Haas rookie Nikita Mazepin says he's been caught out by the technical complexity of F1 in his maiden season in the sport as well as by certain specific characteristics of his team's VF-21.
Mazepin graduated to F1 this season with the US outfit, serving his apprenticeship in an arguably challenging environment.
In addition to learning the ropes of Grand Prix racing like any young rookie promoted to the big time, the 22-year-old is also getting acquainted with the significant step up, compared to F2, in terms of the sport's technical complexity and the knowledge required to properly set up a car.
But Mazepin's struggles have also been compounded by the fact that he is driving a car that is slightly heavier than the chassis supplied to his teammate Mick Schumacher, a disparity that the Russian says has impacted his performance and which should be resolved by Haas in the latter part of the summer.
"I've driven that car only in Monaco, I've been offered it only for one race," Mazepin said. "It's a physically mathematical difference.
"We as drivers are put in a position where we have to fight for every 800 grams or kilo of our weight, sometimes drinking a little bit less water to make sure that you're as light as possible for qualifying.
"Then obviously, if you're losing four kilos in the chassis, it's going to make a big difference in the long straights in every circuit, like at Paul Ricard or Austria, and then we're going to Silverstone.
"It's difficult to say at this moment in time what I expect, because we need to wait and see."
But an extra load of weight isn't Mazepin's only issue. The Russian is also struggling due to the characteristics and intricacies of his car's aero package and its impact on his set-up work.
"I think Formula 1, it is such a high-performance environment," he admitted. "I'm just coming to realise that it's a lot more complex than I would have imagined going to beginning of this year in technical side of things."

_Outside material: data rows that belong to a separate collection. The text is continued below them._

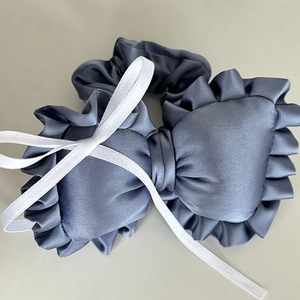 Close-up of blue-grey satin bow scrunchies set with elegant ruffled fabric details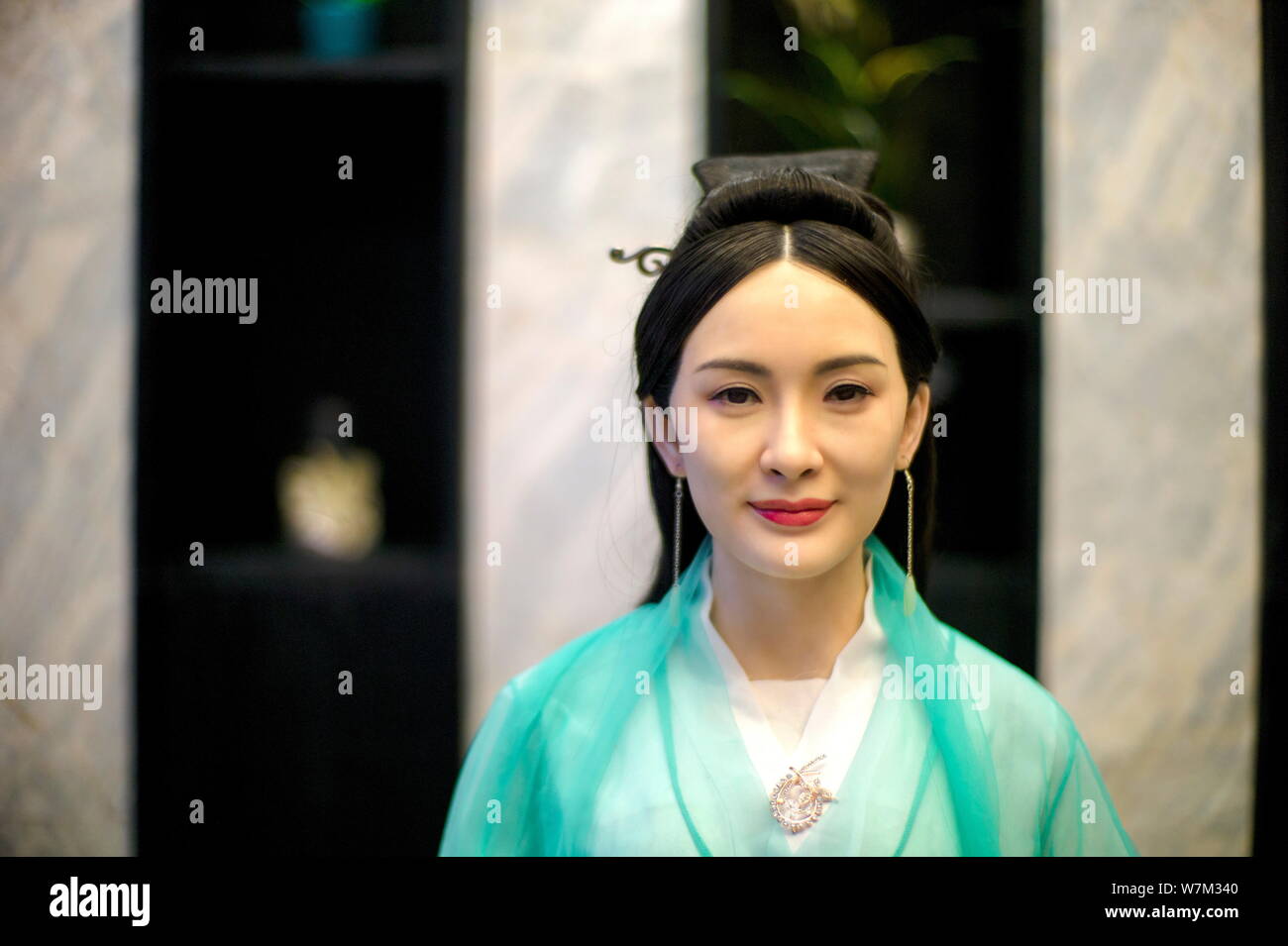 View of a wax figure of Chinese actress Yang Mi dressed as Bai Qian, a High  Goddess in the fantasy romance ''Ten Miles of Peach Blossom'' at a hot-pot  Stock Photo -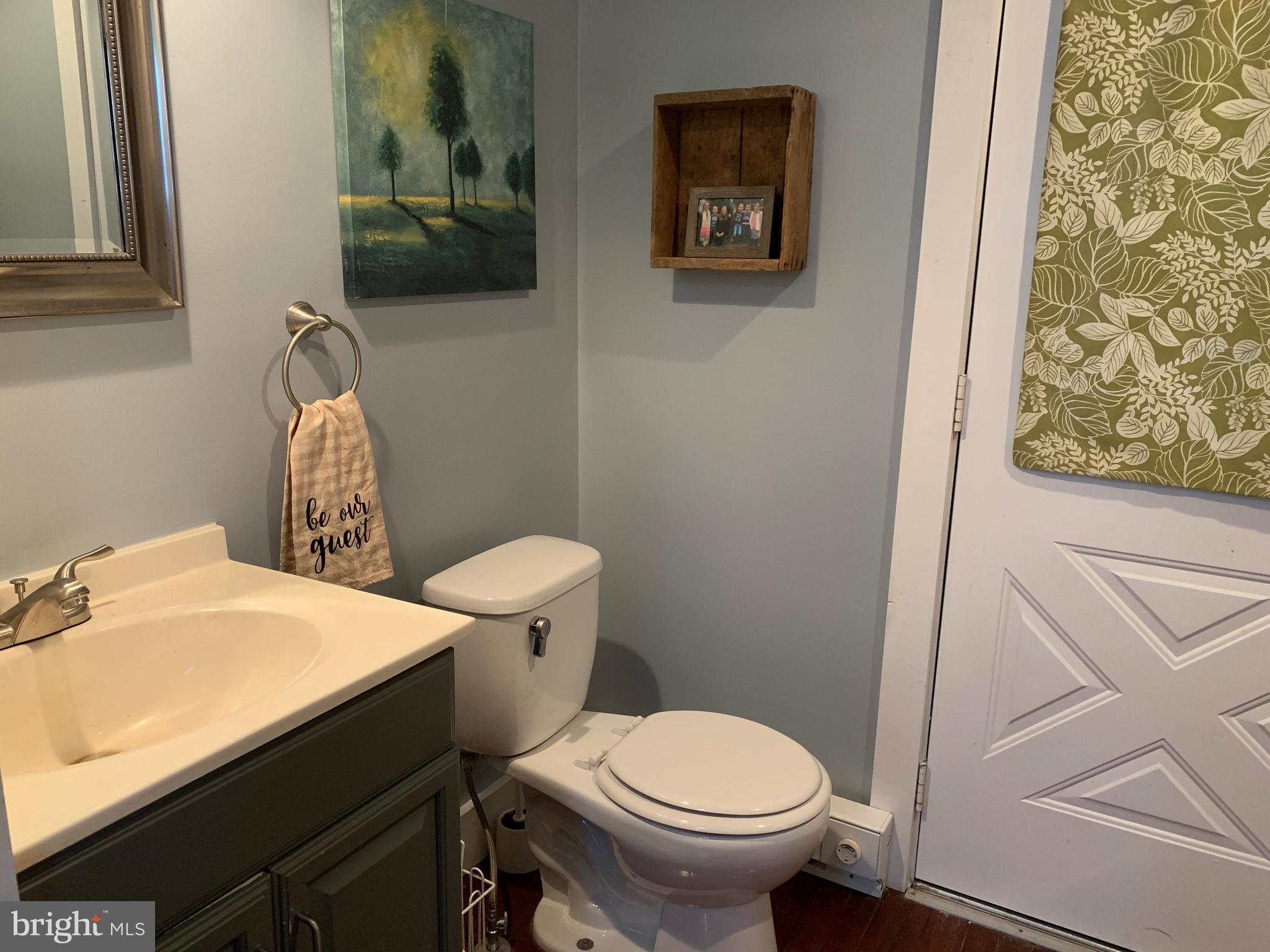 3317 River Road Conestoga, PA 17516 - Photo 20 of 33 a white toilet sitting next to a bathroom sink
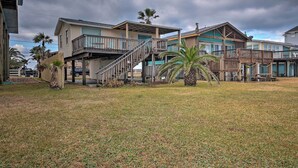 A beachfront property with multiple buildings, including a house with a balcony and a wooden deck. - Steps to Gulf! Pet-friendly Galveston Getaway (Galveston)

Addressing the Haas VF-21's main weakness as far as he is concerned, Mazepin highlighted the car's instability on entry to corners, a trait he has never felt comfortable with, even when racing in motorsport's junior categories.
"We try to maximise the performance of the car, which is not very performant," he explained.
"I think as a trend, I'm pretty bad at driving cars that don't have very much entry stability. And that's one thing that Haas this year doesn't have.
"Then we try to find things that the car just doesn't have, and then we get in a place which is quite hopeless.